Sigfrido Ranucci, la vita sotto scorta e le minacce di morte: chi vuole eliminarlo

"Io non so ancora dare una chiave di lettura a quello che è successo – ha spiegato Ranucci a Repubblica, dopo l’esplosione avvenuta la notte scorsa -. Quello che ho fatto è mettere insieme un po’ di cose che sono successe in questi mesi. Io non le ho mai pubblicizzate pubblicamente, anche per tutelare le persone a me care. L’estate scorsa, un anno fa, abbiamo trovato i proiettili, due proiettili della P38 fuori casa. Poi c’è un elenco di situazioni particolari accadute negli ultimi mesi, a partire anche dal tentativo di delegittimazione nei miei confronti". Le recentissime parole del giornalista si riferiscono agli ultimi episodi intimidatori prima dell’attentato di questa notte, ma negli ultimi 16 anni ce ne sono stati diversi, tanto da essere necessaria la presenza di una scorta, che accompagna Ranucci dal 2014.
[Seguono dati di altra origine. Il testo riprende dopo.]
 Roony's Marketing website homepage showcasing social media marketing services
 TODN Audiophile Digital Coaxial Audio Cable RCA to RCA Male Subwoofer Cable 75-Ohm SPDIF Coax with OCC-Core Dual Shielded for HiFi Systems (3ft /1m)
Le minacce al conduttore di Report, però vanno avanti dal 2009, da quando le sue importanti e preziose inchieste su camorra, ndrangheta e mafia, oltre a quelle su legami oscuri tra politica e malavita, lo hanno reso un potenziale bersaglio per diverse organizzazioni criminali. Fu proprio Ranucci a raccontare di essere nel mirino: "Sì, ero sotto tutela dal 2009 perché la famiglia Ercolano aveva chiesto a un soggetto pericoloso di tenermi d’occhio. Avevo realizzato un’inchiesta in Sicilia su una cava di sabbia gestita dal clan catanese", spiegava al mensile Noi AntiMafia. Sempre alla rivista aveva svelato:

Un narcotrafficante legato alla ‘ndrangheta, alla destra eversiva e al cartello colombiano di Pablo Escobar aveva incaricato due killer albanesi di spararmi. Non aveva gradito un mio servizio sui rapporti tra politica e criminalità organizzata. Venne intercettato nel penitenziario di Padova.

E infine anche l’esecuzione fermata da Matteo Messina Denaro, dopo l’intervista di Ranucci a Francesco Pennino, affiliato al clan Ferrara: "Anche in quel caso un esponente dei Santapaola voleva farmi ammazzare, ma l’omicidio fu stoppato da Matteo Messina Denaro, perché non voleva attirare l’attenzione degli inquirenti".